The following are quotations from the
'Report of the FCDA, Europe; Cannabis, the Facts,
Human Rights and the Law' [ISBN: 0-954421-1-6]. The
Report is endorsed by judges, doctors (of Medicine,
Jurisprudence, Psychiatry, etc), Ecology and
Economics' experts, and other academics.
"In the governance of men and
women, few if any, matters are of greater consequence
than the diligence and precision with which the
judiciary observe and adhere to the civilised code
long established for the determination of an accused
person's guilt or innocence. At least the equal of
all other aspects of importance of this code is the
Right and Duty of the jury to judge of the justice of
the law."
"All governments, comprised of as they are of
human beings, are fallible. Governments are capable
of passing bad or oppressive (i.e. illegal) laws, and
authorising and organising the enforcement of such
bad laws. If juries were limited in their role to
decide guilt or innocence only on the evidence
produced by the state prosecutor of whether the
accused had broken a law or not, any jury acting in
this restricted way would not be able to protect good
fellow Citizens from unjust laws or oppressions of
the state. These inadequate 'show trials' are
observed to take place in the tyrannies of
totalitarian dictatorships and are traditionally
scorned for the mockery of justice that they are when
compared to the democratic high standards Trial by
Jury".
"Some term other than Trial by Jury is necessary
to describe a court ritual enacted where in the jury
is not informed of the jurors Right and Duty to judge
on the justice of law, without which real Trial by
Jury cannot be said to have taken place".
The Magna Carta established that no man shall be
punished for violating the King's law except by
the lawful judgement of his peers. Since then
trial by jury has served as the final safeguard
between government and the people. The jury's power
to say 'no' was put to the test in 1670. The trial of
William Penn and William Mead resulted in one of the
most important developments of the common law jury.
During the previous six years English juries often
acquitted Quakers for violating Parliament's command
that all religious services conform to Anglican
ritual. The King's Bench frequently responded to
verdicts for acquittal in such trials by fining
jurors. When the common law juries refused to enforce
the Crown's religious intolerance, London soldiers
locked and guarded the doors of Quaker Church. Penn
and Mead preached in the streets and were arrested.
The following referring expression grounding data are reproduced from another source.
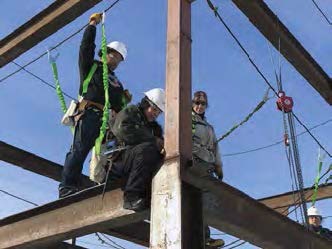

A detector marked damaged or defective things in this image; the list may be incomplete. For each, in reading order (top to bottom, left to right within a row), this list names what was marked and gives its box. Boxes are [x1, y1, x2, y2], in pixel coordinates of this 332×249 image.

rusty steel beam [0, 0, 102, 67]
rusty steel beam [232, 0, 332, 104]
rusty steel beam [150, 0, 205, 248]
rusty steel beam [0, 140, 92, 187]
rusty steel beam [0, 184, 149, 248]
rusty steel beam [182, 168, 332, 248]
rusty steel beam [260, 182, 332, 209]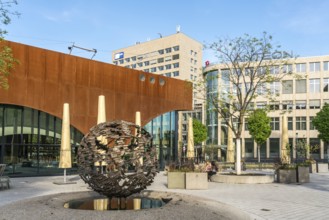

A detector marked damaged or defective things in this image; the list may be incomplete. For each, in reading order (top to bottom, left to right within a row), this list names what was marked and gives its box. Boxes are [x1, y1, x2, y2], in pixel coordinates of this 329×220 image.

rusted metal panel [0, 40, 192, 134]
rusted corten steel wall [0, 41, 192, 134]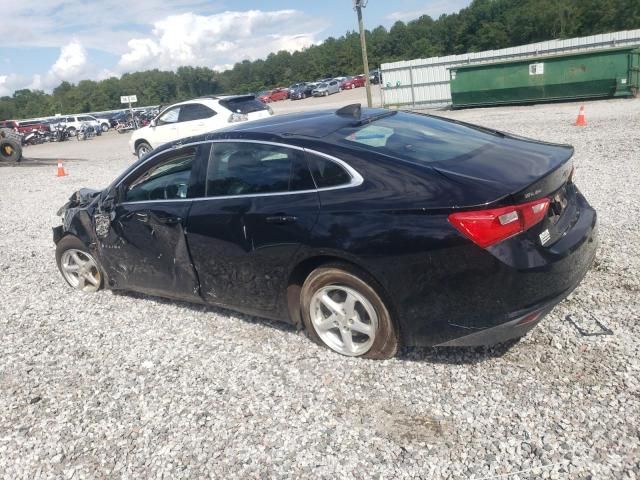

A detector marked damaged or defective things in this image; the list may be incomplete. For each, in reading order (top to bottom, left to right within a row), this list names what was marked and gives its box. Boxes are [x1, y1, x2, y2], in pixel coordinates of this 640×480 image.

damaged black car [52, 106, 596, 360]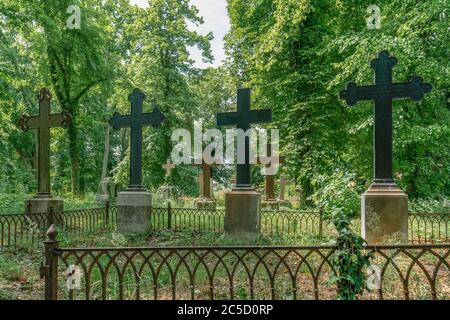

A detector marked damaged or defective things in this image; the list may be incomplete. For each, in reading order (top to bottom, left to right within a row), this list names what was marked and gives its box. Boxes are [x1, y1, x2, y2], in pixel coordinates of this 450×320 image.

rusty fence post [40, 225, 58, 300]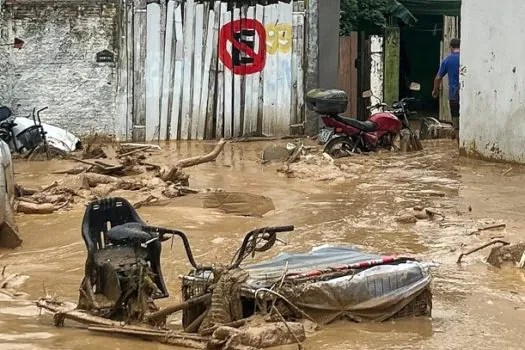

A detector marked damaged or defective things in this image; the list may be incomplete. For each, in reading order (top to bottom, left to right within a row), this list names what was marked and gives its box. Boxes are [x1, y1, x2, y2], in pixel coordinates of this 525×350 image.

overturned motorcycle [35, 198, 430, 348]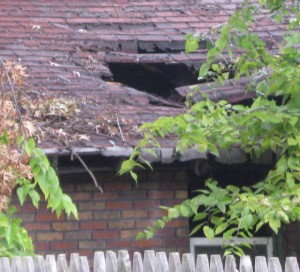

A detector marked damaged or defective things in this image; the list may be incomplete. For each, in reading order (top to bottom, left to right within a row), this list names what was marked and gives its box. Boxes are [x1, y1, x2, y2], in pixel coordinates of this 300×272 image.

damaged roof [0, 0, 288, 162]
Although Penn and Mead had clearly broken the law in
both letter and spirit, the jury's right to acquit if
the law is unjust supercedes in authority the Crown,
the state and the court. Chief Justice Vaughan in
reviewing the case re-confirmed the Right of Juries
to judge of the justice of laws, upholding this
principle as one of the essential safeguards of
democracy, which applies for all time, as witnessed
by this Old Bailey Commemorative Plaque:
"Near this site William Penn and William Mead
were tried in 1670 for preaching to an unlawful
assembly in Gracechurch Street.
This tablet commemorates the courage and endurance of
the jury, Thomas Vere, Edward Bushell and ten others,
who refused to give a verdict against them although
they were locked up without food for two nights and
were fined for their final verdict of Not Guilty.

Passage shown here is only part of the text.